A partir du 1er juin 2018, une croix devrait être accrochée dans le hall d’entrée des bâtiments publics en Bavière en signe de reconnaissance de l’identité bavaroise. Cette mesure, dont l’initiative revient au ministre-président de Bavière, Markus Söder, a été décidée le 24 avril 2018 par l’ensemble du gouvernement bavarois, sans qu’elle nécessite de vote par le parlement régional de Bavière. Elle ne s’appliquera qu’aux bâtiments dont l’Etat bavarois est propriétaire et non à ceux de l’Etat fédéral (Bund) ou des municipalités.

La ministre des Sciences de Bavière, Marion Kiechle, a toutefois pris ses distances vis-à-vis de la décision du chef du gouvernement bavarois d’imposer une croix dans l’entrée des bâtiments publics en Bavière, estimant qu’il ne s’agissait pas d’« une idée particulièrement intelligente ». Le gouvernement bavarois a essuyé de nombreuses critiques de la part des Verts et notamment des libéraux. Le chef du parti libéral (FDP), Christian Lindner, a ainsi déclaré : « La façon dont Markus Söder et la CSU instrumentalisent les religions à des fins partisanes fait penser au président turc Erdogan. La Loi fondamentale n’a pas de religion » (Die Welt). Le chef du gouvernement bavarois, Markus Söder, a balayé toutes les critiques, estimant que la croix était avant tout un « symbole décisif de l’identité culturelle chrétienne-occidentale ».

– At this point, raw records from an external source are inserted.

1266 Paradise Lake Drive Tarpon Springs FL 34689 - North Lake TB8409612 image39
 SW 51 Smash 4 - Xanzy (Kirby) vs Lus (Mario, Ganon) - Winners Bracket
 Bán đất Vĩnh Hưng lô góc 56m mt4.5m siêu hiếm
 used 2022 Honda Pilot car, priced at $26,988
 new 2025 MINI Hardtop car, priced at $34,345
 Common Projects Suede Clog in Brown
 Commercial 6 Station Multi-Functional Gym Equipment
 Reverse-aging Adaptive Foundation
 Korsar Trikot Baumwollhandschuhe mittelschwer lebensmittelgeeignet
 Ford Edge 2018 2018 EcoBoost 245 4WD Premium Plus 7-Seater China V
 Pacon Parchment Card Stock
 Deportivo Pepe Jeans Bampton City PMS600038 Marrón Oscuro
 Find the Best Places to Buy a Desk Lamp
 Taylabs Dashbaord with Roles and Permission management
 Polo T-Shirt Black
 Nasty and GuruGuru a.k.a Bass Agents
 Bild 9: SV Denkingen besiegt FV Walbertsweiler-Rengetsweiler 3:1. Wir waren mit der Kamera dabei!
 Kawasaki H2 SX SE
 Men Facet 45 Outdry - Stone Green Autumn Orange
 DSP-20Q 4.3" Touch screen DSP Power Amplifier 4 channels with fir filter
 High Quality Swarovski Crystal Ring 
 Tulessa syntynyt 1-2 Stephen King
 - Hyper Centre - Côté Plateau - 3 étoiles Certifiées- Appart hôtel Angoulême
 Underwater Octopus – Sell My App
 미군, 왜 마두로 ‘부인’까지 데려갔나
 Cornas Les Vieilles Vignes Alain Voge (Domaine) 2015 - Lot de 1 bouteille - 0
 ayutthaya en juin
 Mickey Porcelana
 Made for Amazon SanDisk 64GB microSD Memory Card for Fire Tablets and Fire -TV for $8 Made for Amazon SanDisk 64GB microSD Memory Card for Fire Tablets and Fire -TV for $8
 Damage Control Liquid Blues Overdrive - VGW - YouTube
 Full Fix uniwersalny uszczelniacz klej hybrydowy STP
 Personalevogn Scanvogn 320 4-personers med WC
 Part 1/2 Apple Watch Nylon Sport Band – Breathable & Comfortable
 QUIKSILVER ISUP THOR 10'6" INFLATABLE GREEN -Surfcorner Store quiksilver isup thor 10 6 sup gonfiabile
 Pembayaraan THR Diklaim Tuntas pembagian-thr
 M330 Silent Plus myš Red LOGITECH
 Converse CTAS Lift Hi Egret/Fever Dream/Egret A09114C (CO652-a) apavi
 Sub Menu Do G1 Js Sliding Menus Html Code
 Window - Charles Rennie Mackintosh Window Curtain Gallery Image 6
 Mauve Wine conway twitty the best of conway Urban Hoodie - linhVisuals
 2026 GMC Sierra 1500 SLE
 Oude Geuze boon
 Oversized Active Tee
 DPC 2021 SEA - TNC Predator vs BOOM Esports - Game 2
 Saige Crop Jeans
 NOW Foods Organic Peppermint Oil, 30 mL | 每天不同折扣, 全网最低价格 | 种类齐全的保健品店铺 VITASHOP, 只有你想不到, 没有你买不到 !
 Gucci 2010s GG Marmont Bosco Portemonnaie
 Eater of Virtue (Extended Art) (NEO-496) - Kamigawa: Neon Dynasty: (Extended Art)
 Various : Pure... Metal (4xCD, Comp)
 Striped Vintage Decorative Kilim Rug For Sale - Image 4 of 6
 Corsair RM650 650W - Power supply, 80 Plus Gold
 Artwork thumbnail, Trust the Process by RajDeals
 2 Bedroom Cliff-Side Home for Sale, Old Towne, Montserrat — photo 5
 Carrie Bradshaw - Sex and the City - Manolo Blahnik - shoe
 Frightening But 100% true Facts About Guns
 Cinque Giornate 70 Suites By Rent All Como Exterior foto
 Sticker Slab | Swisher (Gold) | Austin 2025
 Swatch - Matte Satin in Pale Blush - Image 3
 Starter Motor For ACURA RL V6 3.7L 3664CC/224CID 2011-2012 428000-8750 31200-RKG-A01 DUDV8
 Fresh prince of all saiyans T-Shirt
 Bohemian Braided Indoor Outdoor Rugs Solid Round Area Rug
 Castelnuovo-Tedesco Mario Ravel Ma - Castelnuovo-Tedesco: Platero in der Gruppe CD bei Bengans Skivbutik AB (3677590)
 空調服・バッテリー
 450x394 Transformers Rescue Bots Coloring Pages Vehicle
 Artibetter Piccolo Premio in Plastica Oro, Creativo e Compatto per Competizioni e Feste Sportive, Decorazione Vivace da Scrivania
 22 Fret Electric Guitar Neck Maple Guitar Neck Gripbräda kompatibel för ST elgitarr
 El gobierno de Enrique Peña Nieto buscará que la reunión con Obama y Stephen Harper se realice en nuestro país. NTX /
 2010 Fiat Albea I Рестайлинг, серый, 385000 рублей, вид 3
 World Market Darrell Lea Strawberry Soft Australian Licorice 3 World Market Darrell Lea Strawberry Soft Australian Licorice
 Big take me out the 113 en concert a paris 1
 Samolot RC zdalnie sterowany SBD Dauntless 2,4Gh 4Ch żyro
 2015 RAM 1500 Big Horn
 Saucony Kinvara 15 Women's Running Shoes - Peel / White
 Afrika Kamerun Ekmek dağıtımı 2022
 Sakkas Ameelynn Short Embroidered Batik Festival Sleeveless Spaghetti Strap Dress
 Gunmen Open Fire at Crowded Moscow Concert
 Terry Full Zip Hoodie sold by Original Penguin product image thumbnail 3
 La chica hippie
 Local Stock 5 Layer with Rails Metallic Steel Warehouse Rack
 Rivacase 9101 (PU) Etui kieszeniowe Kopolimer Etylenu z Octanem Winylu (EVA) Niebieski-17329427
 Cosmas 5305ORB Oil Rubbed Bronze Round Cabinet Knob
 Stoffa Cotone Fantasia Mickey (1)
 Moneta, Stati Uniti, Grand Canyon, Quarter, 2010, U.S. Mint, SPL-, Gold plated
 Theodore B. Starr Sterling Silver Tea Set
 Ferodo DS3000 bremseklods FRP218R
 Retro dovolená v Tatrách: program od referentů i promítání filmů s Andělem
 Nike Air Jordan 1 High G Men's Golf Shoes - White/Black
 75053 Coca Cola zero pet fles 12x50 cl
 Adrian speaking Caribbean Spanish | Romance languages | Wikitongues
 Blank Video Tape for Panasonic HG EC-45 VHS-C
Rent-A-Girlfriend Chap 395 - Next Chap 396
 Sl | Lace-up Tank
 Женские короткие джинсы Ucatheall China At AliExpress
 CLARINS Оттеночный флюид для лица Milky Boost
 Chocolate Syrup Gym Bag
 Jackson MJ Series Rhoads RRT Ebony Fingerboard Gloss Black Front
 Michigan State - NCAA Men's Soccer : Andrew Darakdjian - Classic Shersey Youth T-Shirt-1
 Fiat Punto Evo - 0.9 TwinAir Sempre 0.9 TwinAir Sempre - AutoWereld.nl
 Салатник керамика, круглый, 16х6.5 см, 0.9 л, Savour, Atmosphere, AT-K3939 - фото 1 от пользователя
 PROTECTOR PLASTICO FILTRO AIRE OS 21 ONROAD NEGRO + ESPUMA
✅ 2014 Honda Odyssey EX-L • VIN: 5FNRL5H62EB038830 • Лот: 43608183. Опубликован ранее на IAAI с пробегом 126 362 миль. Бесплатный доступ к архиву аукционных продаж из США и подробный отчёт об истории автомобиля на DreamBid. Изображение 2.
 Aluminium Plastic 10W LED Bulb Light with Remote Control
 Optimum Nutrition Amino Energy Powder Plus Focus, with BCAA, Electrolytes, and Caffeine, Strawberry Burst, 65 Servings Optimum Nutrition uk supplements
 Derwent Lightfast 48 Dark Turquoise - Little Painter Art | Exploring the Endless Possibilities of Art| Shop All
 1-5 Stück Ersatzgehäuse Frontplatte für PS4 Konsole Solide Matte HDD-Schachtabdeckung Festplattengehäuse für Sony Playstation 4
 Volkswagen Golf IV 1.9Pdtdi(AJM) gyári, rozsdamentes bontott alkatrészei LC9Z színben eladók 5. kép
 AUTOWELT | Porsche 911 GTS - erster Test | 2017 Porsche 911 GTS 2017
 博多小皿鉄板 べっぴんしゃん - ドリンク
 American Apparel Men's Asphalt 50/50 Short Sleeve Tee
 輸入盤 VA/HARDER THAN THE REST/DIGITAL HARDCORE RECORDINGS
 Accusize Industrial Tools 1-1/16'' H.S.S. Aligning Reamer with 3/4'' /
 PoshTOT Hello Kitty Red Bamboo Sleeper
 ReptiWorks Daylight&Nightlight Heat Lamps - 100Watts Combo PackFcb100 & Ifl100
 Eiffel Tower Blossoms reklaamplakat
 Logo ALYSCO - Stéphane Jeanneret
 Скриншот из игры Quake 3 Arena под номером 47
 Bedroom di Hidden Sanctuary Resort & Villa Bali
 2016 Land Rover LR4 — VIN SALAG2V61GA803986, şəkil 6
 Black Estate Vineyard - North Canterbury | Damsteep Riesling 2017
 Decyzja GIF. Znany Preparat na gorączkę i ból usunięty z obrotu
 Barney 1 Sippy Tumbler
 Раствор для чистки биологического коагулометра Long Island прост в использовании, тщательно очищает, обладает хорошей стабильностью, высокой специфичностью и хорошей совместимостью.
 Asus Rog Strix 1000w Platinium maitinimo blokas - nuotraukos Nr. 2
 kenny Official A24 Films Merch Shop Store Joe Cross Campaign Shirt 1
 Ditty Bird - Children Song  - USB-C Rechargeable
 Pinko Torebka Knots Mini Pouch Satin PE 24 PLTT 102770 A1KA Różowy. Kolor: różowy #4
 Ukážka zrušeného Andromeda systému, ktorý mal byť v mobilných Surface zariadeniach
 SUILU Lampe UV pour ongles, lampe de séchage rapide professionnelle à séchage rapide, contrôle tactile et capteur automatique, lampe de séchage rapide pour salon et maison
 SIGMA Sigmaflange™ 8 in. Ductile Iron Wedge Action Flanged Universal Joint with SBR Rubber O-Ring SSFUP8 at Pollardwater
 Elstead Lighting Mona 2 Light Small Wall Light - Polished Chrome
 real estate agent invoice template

Au début des années 1990, dans une école publique de Bavière, des parents anthroposophes avaient demandé que soient retirés les crucifix des salles de classe fréquentées par leurs enfants. Leur plainte ayant été rejetée par les instances de la jurisprudence administrative de Bavière, ils s’étaient alors tournés vers la Cour constitutionnelle fédérale de Karlsruhe, qui avait rendu sa décision le 16 mai 1995, précisant que l’obligation, inscrite dans le règlement des écoles publiques bavaroises, d’accrocher des croix dans les salles de classe était une atteinte au principe fondamental de liberté de conscience et de religion (art. 4 de la Loi fondamentale) et au principe de neutralité de l’Etat. Les juges avaient estimé que la croix n’était pas seulement un symbole culturel traditionnel, mais avaient insisté sur son caractère confessionnel. La présence de crucifix dans les classes bavaroises ayant étant jugée incompatible avec la Loi fondamentale, le Land de Bavière avait été invité à ne plus rendre obligatoires les crucifix dans les salles de classe des écoles publiques. Le parlement bavarois avait finalement adopté en décembre 1995 une loi réaffirmant la présence d’une croix dans chaque salle de classe des écoles publiques et prévoyait une procédure de conciliation en cas de contestation. Depuis l’arrêt rendu par la Cour constitutionnelle en mai 1995, les croix peuvent être retirées des salles de classe bavaroises sur demande individuelle.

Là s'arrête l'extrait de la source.